* TASK OBJECTIVE *
At the line containing "snow-monkey-manju-sweet-cookie-shibu-onsen", begin an exact copy of the lines below and continue through the final one, with no pictures.

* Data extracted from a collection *
──────────────────────────────

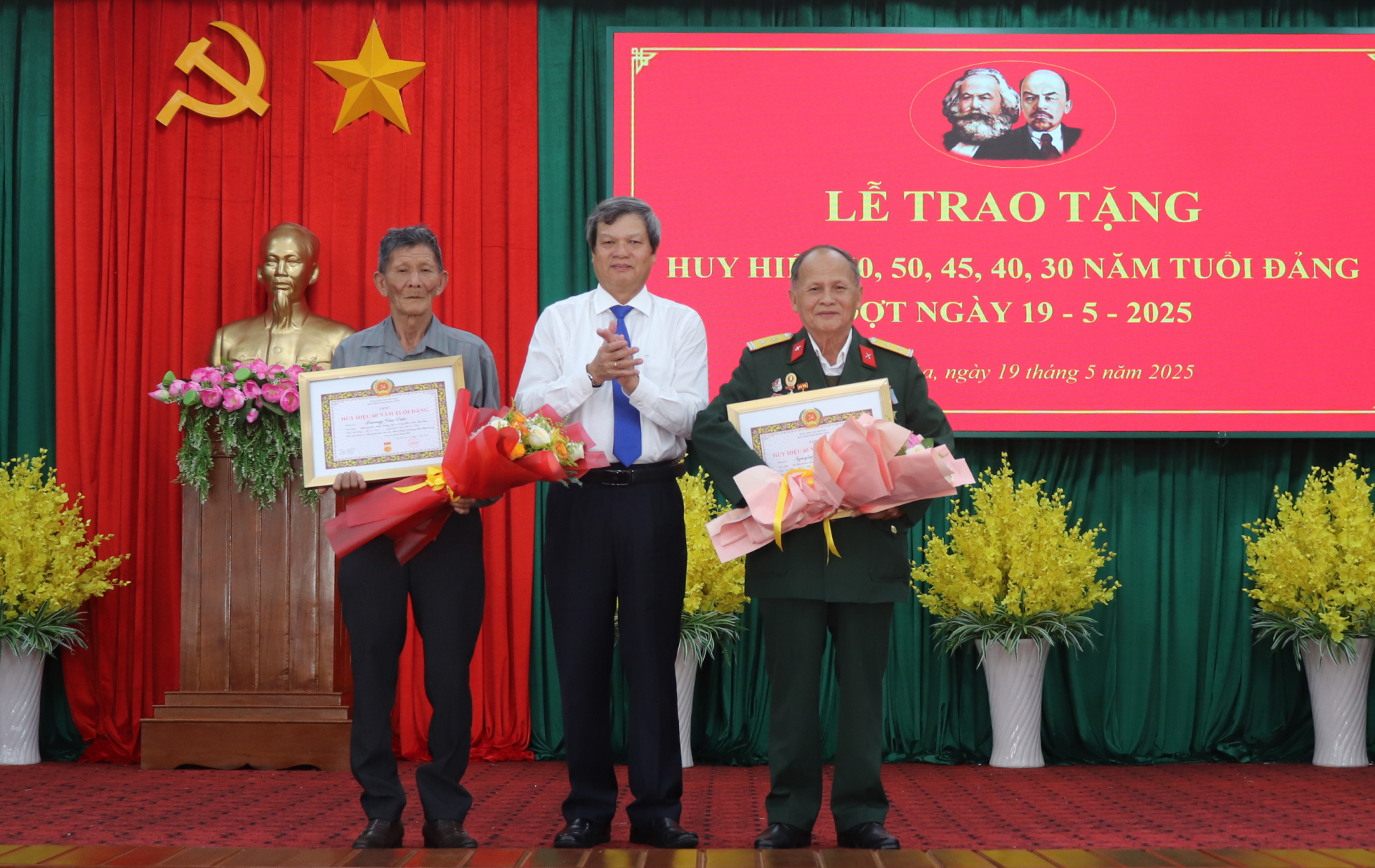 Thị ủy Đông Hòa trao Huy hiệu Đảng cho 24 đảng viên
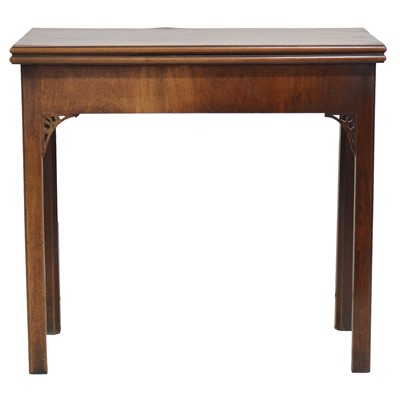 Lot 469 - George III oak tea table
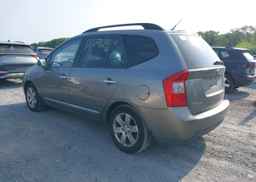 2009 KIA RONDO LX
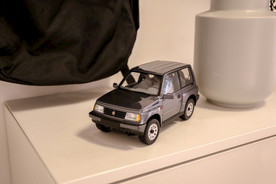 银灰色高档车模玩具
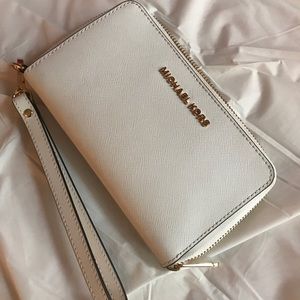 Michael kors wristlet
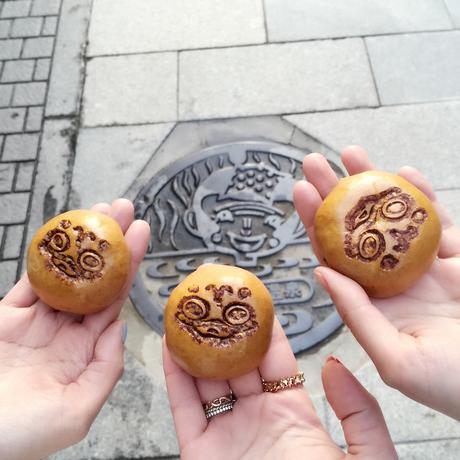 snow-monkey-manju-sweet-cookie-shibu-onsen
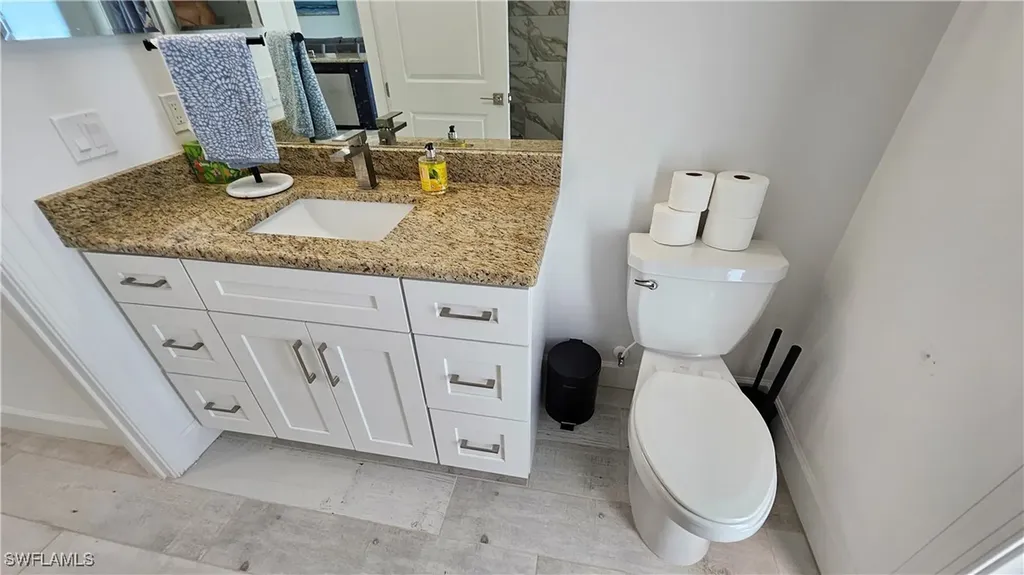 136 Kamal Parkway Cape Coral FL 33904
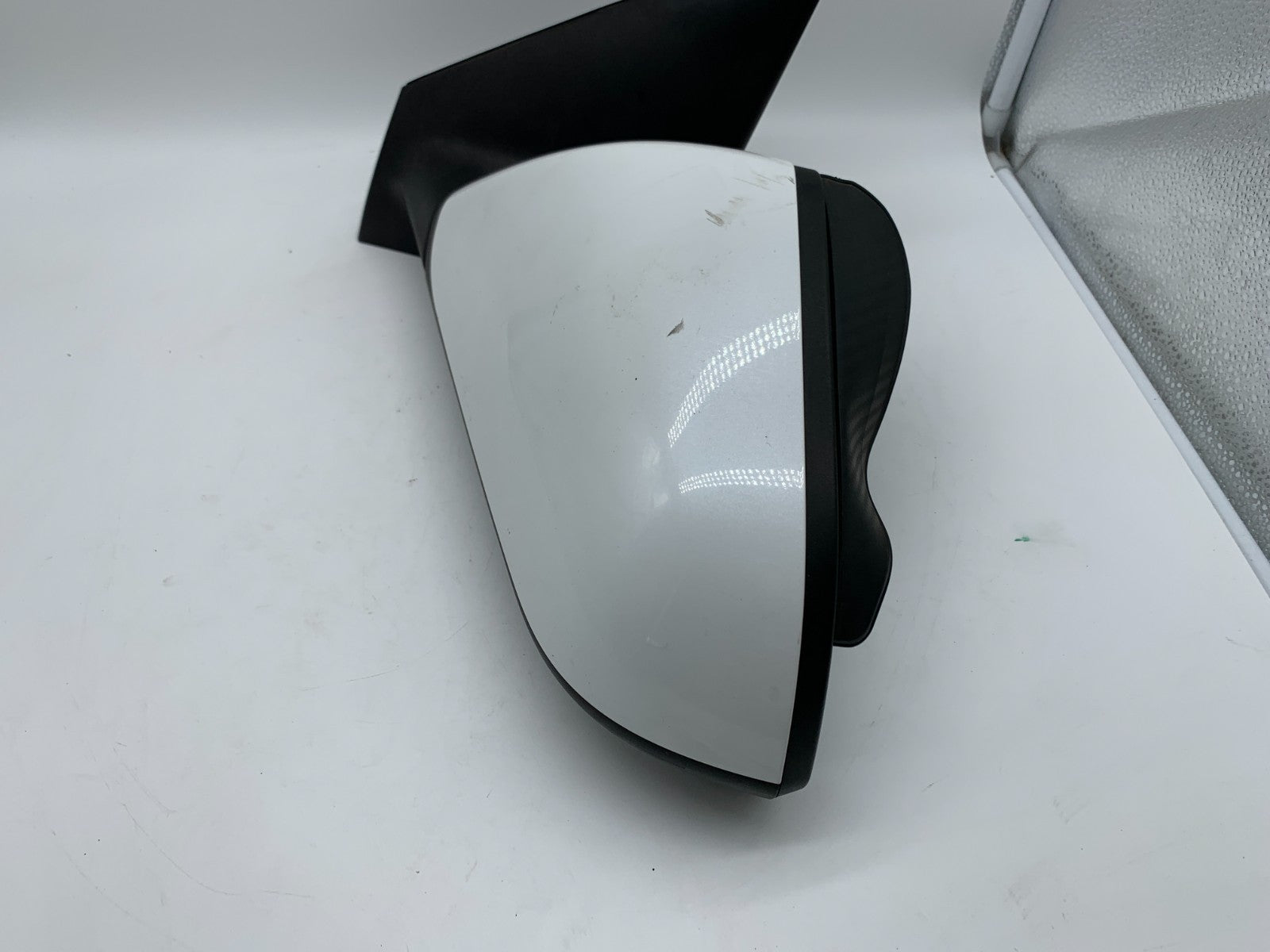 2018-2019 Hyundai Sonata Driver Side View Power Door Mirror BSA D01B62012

──────────────────────────────

* TASK OUTPUT *
 snow-monkey-manju-sweet-cookie-shibu-onsen
 136 Kamal Parkway Cape Coral FL 33904
 2018-2019 Hyundai Sonata Driver Side View Power Door Mirror BSA D01B62012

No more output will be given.